They've since made it known they will release a DVD of the movie. It sounds like they will put the finishing touches on it, and there's even word they'll adapt "The Scarecrow of Oz" as a sequel.

Now, if you follow my other blog, you'll see, reading-wise, that I've done a lot of non-Oz reading, climaxing with A Lion Among Men, which I try to think of as not an Oz book at all, no offense to Maguire, but I have my own view of Oz in mind, and Maguire's is nowhere near it.

I mentioned sometime back that after I was done, I'd treat myself to a real Oz book. I had thought I'd try to buy a new Oz book I'd never read before, but my reaction to Hash's take on The Tin Woodman of Oz made me want to re-read the book.

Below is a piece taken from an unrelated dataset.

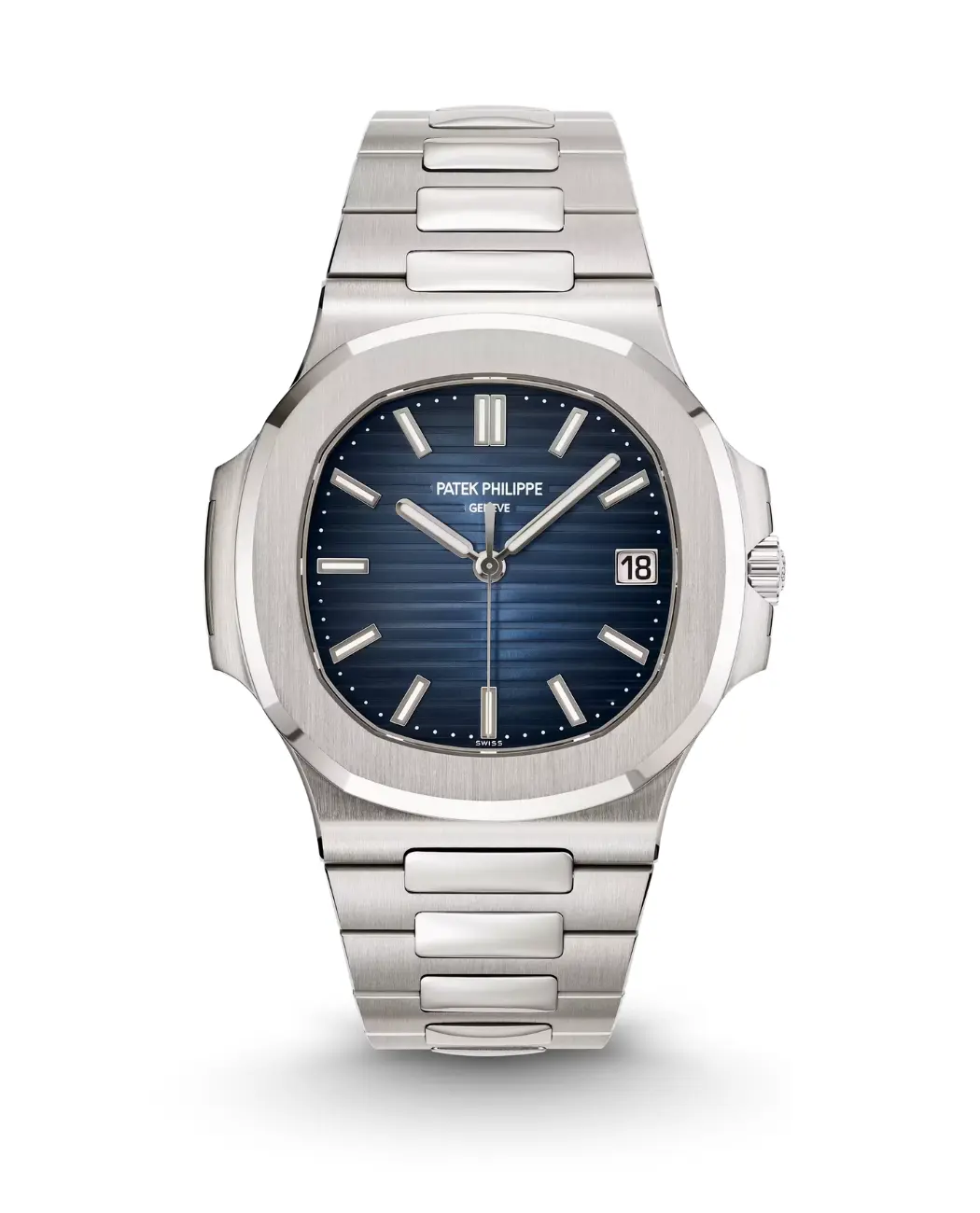 Patek Philippe Replica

Now, keep in mind that I've read a lot of non-Oz books recently for adults, and managed to decide what I liked and disliked about each author. Coming so soon out of these, I found myself evaluating Baum the same way.

Now, this book could arguably be the last Oz story Baum actually wrote, as he had prepared The Magic of Oz and Glinda of Oz some time before, for two more Oz books, should anything happen to him. (Which did, as both of those books were published posthumously.) I'm unsure how early he'd written them.

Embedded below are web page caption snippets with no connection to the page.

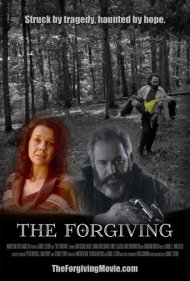دانلود فیلم The Forgiving سال 2020 - بخشایش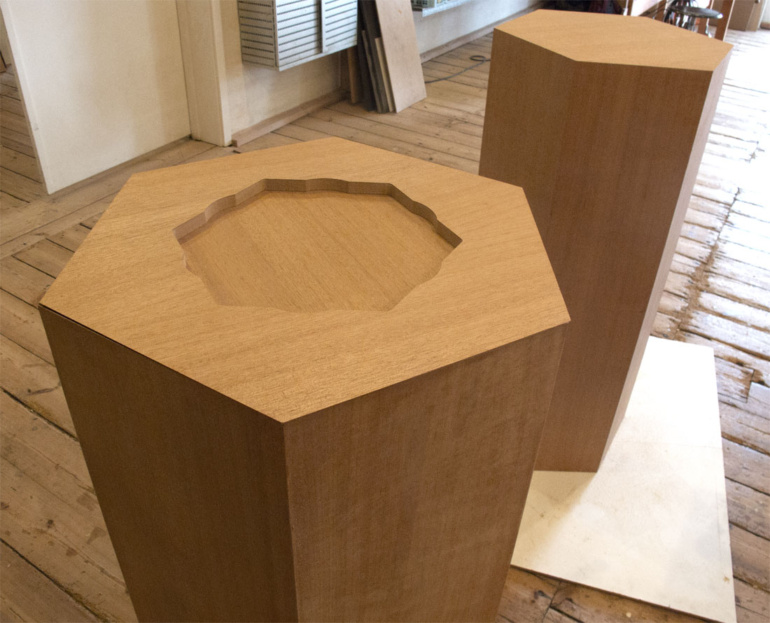 Gallery item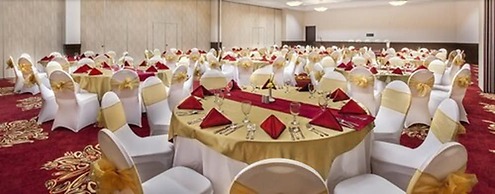 Days Hotel & Suites by Wyndham Jakarta Airport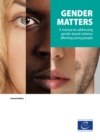 Image for Gender matters (2nd ed)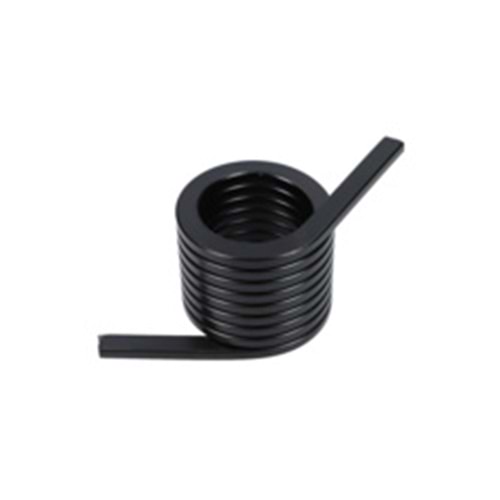 BOSCH GCM 12 SD POZ 107 YAY 2610916794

Anyways, the point here is that Baum now finally had his Land of Oz better planned out than at any other time in his life. And upon reading Tin Woodman, it shows! Baum really weaves a tale, that is well-written (though this book does have inconsistencies with some of his earlier books), and while it's too fantastic to be believed, you wish it was true. He really was a historian.

I've pointed out that Baum had a penchant to satirize the types of stories he was writing within the story, and as this is a romantic fairy tale of sorts, he doesn't do any exception here. A former lover in shining armor (or in this case, a shiny body), braves many hardships and dangers for his love. And they all live happily ever after... Right? Well, yes!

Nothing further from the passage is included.